Decimal Type Complications
"The Decimal value type represents decimal numbers ranging from positive 79,228,162,514,264,337,593,543,950,335 to negative 79,228,162,514,264,337,593,543,950,335. The Decimal value type is appropriate for financial calculations requiring large numbers of significant integral and fractional digits and no round-off errors.
"A decimal number is a floating-point value that consists of a sign, a numeric value where each digit in the value ranges from 0 to 9, and a scaling factor that indicates the position of a floating decimal point that separates the integral and fractional parts of the numeric value.
"The binary representation of a Decimal value consists of a 1-bit sign, a 96-bit integer number, and a scaling factor used to divide the 96-bit integer and specify what portion of it is a decimal fraction.
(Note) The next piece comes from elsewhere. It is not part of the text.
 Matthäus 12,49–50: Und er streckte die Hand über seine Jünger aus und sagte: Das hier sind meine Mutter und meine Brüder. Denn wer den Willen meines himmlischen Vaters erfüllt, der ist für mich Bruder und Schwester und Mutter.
The scaling factor is implicitly the number 10, raised to an exponent ranging from 0 to 28. Therefore, the binary representation of a Decimal value is of the form, ((-2^96 to 2^96) / 10^(0 to 28), where -2^96-1 is equal to MinValue, and 2^96-1 is equal to MaxValue."
Here is the problem: the decimal type takes 12 bytes of space, i.e. 96 bits. How does it then accomodate a 96-bit integer number, a sign bit and the scaling factor. Surely, it sums up to more than 96 bits, while we are told that the decimal type takes only 96 bits, i.e. 12 bytes.
Since the "binary representation" of a decimal value is presented here in decimal itself, I didn't quite get the picture of how an actual binary representation of some decimal value would really look like. If you can provide an example, please do so.